Auch ein anderes Konzept musste verworfen werden: Die erste Phase wäre unter dem Motto „Wien bleibt Wien“ gestanden – zentral wäre dabei gewesen, sich als Wiener ÖVP von der Bundespartei abzugrenzen. Mahrer hat nie einen Hehl aus seiner Abneigung gegen FPÖ-Bundesparteichef Herbert Kickl gemacht. Nachdem es doch zu keiner blau-türkisen Regierung gekommen ist, sei diese „Distanzierung nicht mehr notwendig gewesen“, so Sverak.

Die Willkommen-Österreich-Parodie war natürlich ebenfalls nicht eingeplant, nimmt Sverak aber mit Humor. „Es ist ein Ritterschlag, wenn du als Politiker persifliert wirst“.

Verärgerung

Wirklich geärgert habe sich Sverak bisher nur über die Sache mit den Wahlplakaten, weil die von intern torpediert wurden. Man habe sich schon vor dem Leak selbst eingestanden, dass einige der Sprüche eigentlich keinen Sinn ergeben“.

Andere sind trotzdem geblieben und sind nicht minder umstritten. „Deutsch ist Pflicht, Habibi“ zum Beispiel.

Auffallen um jeden Preis ist aber nicht überall der Fall, denn auch die aufmerksamkeitsheischendste Kampagne hat Grenzen.

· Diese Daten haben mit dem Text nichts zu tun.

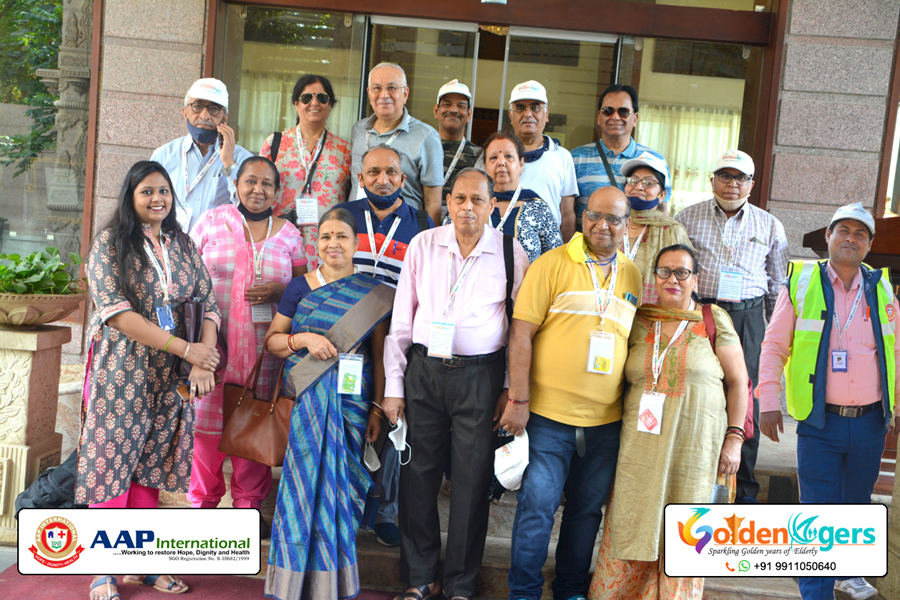 Supporting Senior Citizens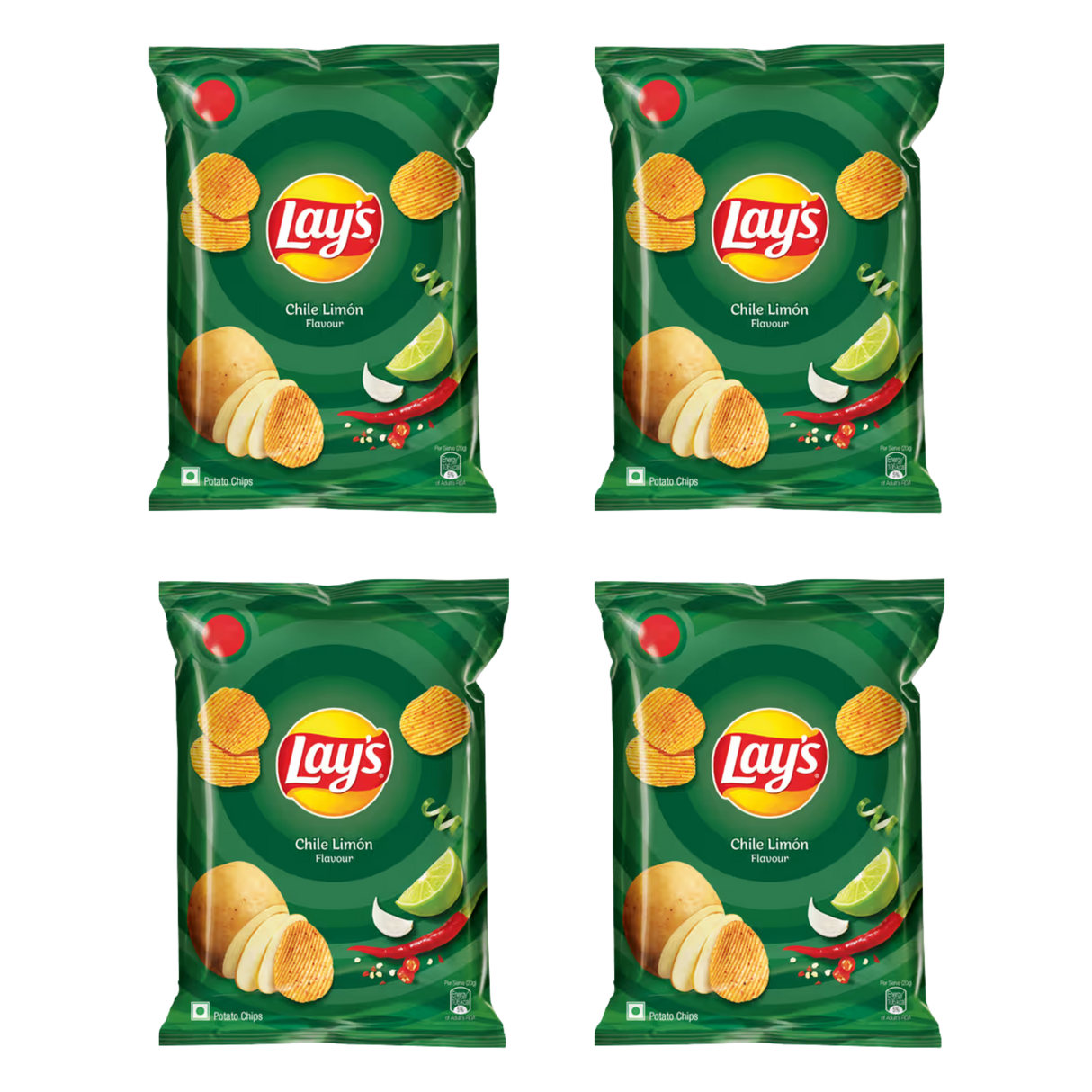 Lay's - Chile Limon ( 48-52g) 26.08.2026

Während die „Habibi“-Plakate etwa sehr wohl in Favoriten hängen, sucht man sie in der Inneren Stadt vergebens. Die bürgerliche Klientel will man mit der „paradoxen Intervention“ also nicht verschrecken.

 

Hinweis: Die Stellungnahme der ÖVP zur Aussage „Marchetti statt Machete“ wurde nachträglich ergänzt.

Klarheit: Die wichtigsten Begriffe

Karl Mahrer (Jahrgang 1955) ist Wiens ÖVP-Chef - er übernahm die Stadttürkisen nach dem Rücktritt von Gernot Blümel im Jahr 2021. Mahrer hat seine Wurzeln bei der Polizei, er war unter anderem Vizepräsident der Landespolizeidirektion Wien. Von 2019 bis 2021 war er Sicherheitssprecher des ÖVP-Parlamentsklub. In dieser Funktion folgte ihm Christian Stocker, derzeitiger Bundeskanzler, nach. Mitten im Wienwahhlkampf 2025 erhob die Wirtschafts- und Korruptionsstaatsanwaltschaft (WKStA) wegen Untreue in der Causa Wienwert Anklage gegen Mahrer. Dieser beteuert seine Unschuld.

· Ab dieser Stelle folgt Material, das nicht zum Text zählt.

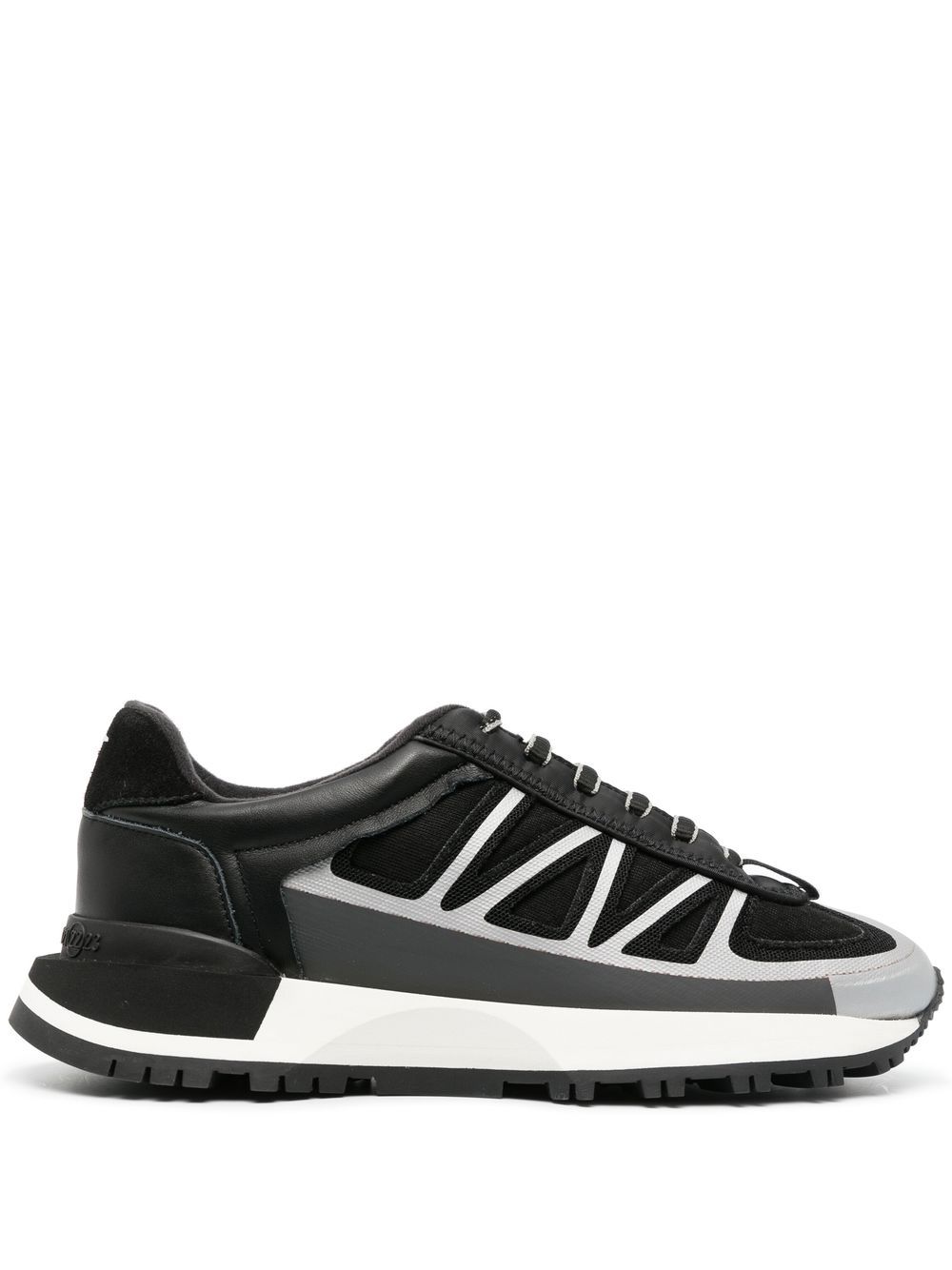 Maison Margiela 50-50 Sneakers - Schwarz von Maison Margiela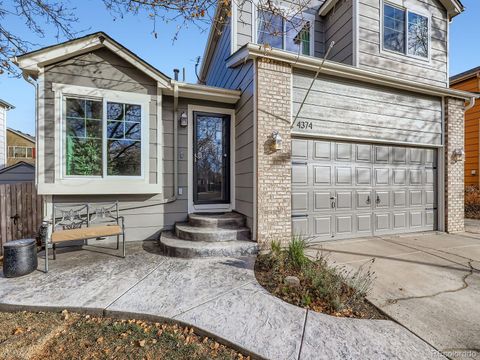 4374 E Andover Avenue Castle Rock CO 80104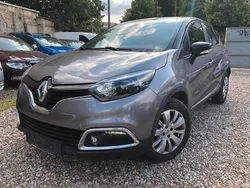 Grau Gebraucht 2014 Renault Captur Dynamique SUV | 8.950 € (Fairer Preis)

ÖVP steht für Österreichische Volkspartei. Gegründet wurde sie 1945 in Wien als Nachfolgepartei der Christlichsozialen Partei. Die Parteifarbe der ÖVP ist Türkis (das frühere Schwarz wird aber auch noch verwendet). Sie vertritt das bürgerliche, konservative Spektrum und gilt traditionell als der Wirtschaft, den Bauern und der römisch-katholischen Kirche nahestehend – sie wird daher als Mitte-rechts-Partei eingeordnet. Von 1996 bis 2001 war die Wiener ÖVP Teil der Stadtregierung, stellte bisher aber nie den Bürgermeister. Parteichef in Wien ist aktuell Karl Mahrer.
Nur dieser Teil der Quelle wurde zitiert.